Review by Christos T. Panagopoulos
Slovenian specialists in Mayan archaeology, Ivan Šprajc, and his team have recently discovered the hidden ruins of an ancient Mayan city in a remote jungle in the western Yucatan. Further research on this site could shed light on the Late Classic Maya period, Šprajc told in an interview after returning from Mexico.
According to the Slovenia Times, traces of the lost city were first spotted in aerial images of a vast forested area. Using a stereoscope, the team of researchers was able to observe the images in 3D, enabling them to notice the “fishy” things that protruded out of the landscape, even if covered with tropical forest.
“This was the largest newly-found site on the northern sector of the Calakmul Biosphere Reserve, which is uninhabited and protected as a natural park”, Šprajc explained for the STA. It took the archaeologists two and a half months to research the whole site, stretching over an area of 22 hectares.
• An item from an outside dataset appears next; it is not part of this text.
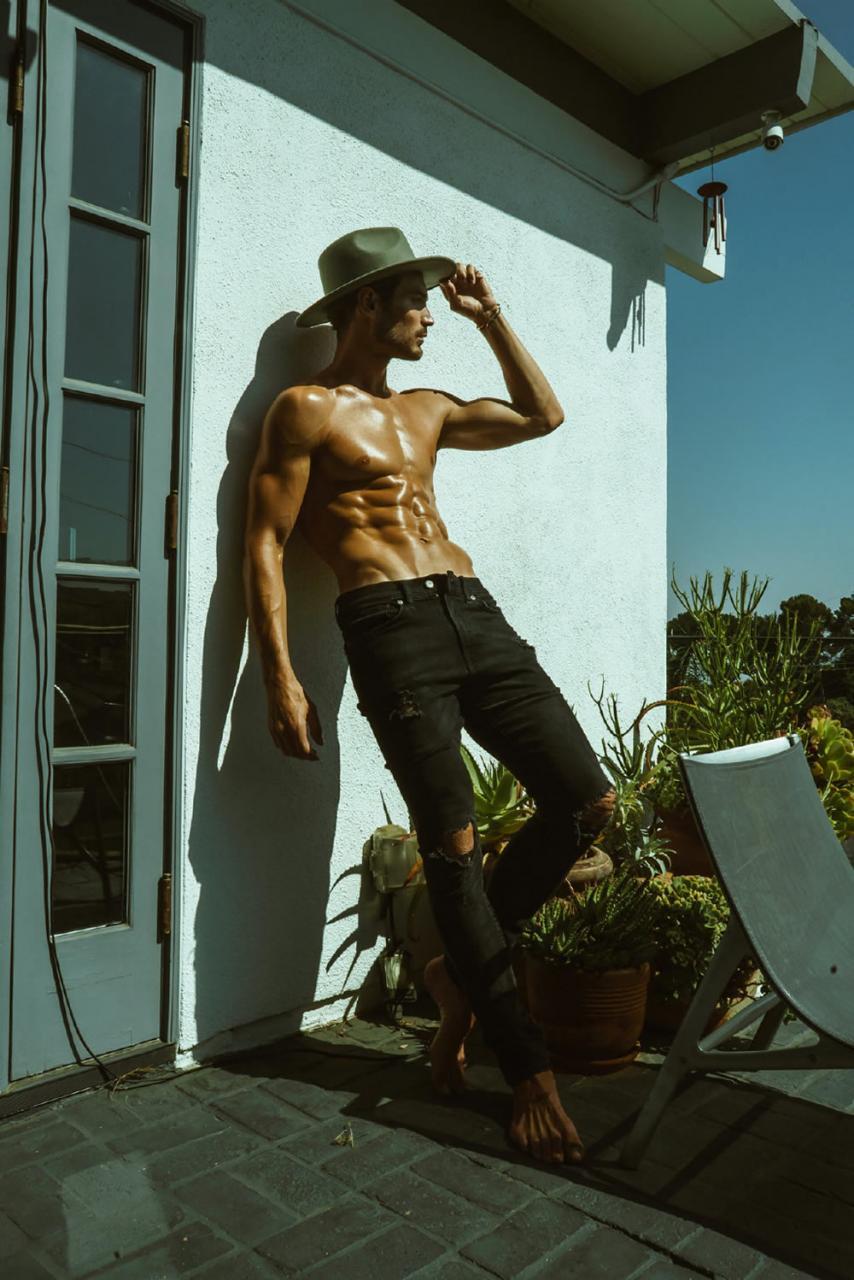Desnudo Magazine杂志大片Lucas Bloms出镜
Their research focused on the elite urban parts of the former Maya city, where they discovered plazas and courts, surrounded by buildings, which had probably been connected to the government or served as residences for the Mayan nobility. “Temples and ball courts, along with decorative stone slabs, called steles, show that the site played an important political role in this area”, he said.
Even though the ruins are part of the Mexican archaeological heritage, the expeditions of this kind are usually not co-financed by Mexico. However, the project, worth approximately 27.000 euros, was funded in part by the National Geographic Society, the Austrian company Villas and the Slovenian travel agency, Ars Ionga.